These inspired what has become known as the "Valis Trilogy" -- the final three novels of Dick's life that have earned both critical praise and a broad readership (through their recent simultaneous reissuance as Vintage trade editions): Valis (1981), The Divine Invasion (1981), and The Transmigration of Timothy Archer (1982). In all three novels, Dick explores the anguish and entropic emptiness of an earthly realm in which God (or whatever alternative name we give to the divine) remains unknown and perhaps unknowable. But also, in all of these works, Dick offers the hope that divine knowledge and redemption may yet be granted -- even to modern, scuffling souls who have trouble paying their rent and keeping their marriages together. There is a striking thematic resemblance between these novels and the speculations of the Gnostic thinkers of the early centuries of the Christian era. Indeed, in the definitive modern edition of Gnostic scriptures, The Nag Hammadi Library (1988), an "Afterword" singles out Dick (along with Jung, Hermann Hesse, and Harold Bloom) as a preeminent modern interpreter of Gnostic beliefs.

As we have seen, even prior to the "Valis Trilogy," philosophical and spiritual questions had formed the underpinnings of Dick's SF "alternate" worlds and "alien" intelligences.

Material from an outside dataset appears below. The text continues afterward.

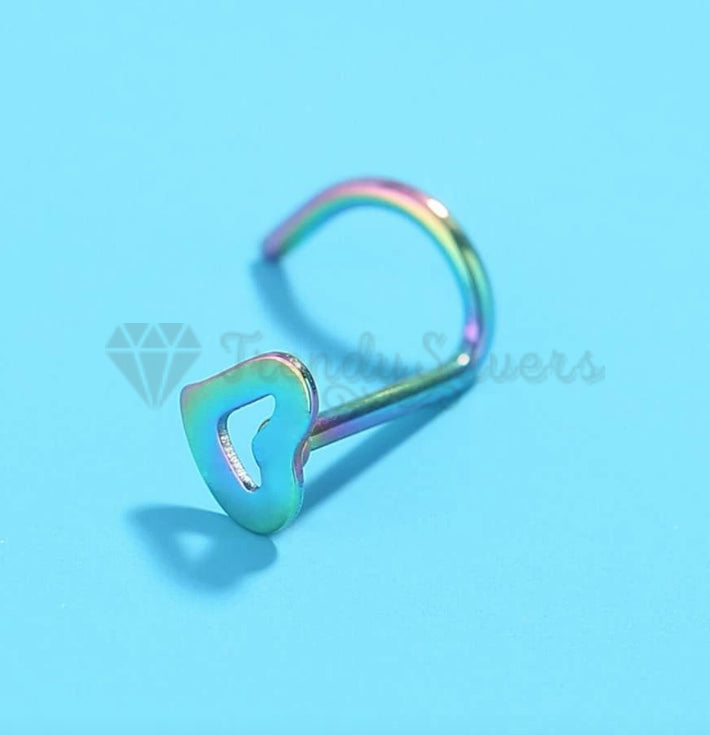 1x Surgical Steel Rainbow Open Heart Stud Cartilage Ear Nose Ring Body Piercings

But Dick had harbored a carefully limited view of himself, through the first two decades of his writing career, as one who fervently posed ultimate questions but lacked -- as a matter of personal experience -- any real encounter with a higher source of being. After 2-3-74, this changed to an extent. By his very nature, Dick was not a man to arrive at -- or even to wish to arrive at -- a simple conclusion about any life event, much less as complex and unsettling a series of events as 2-3-74.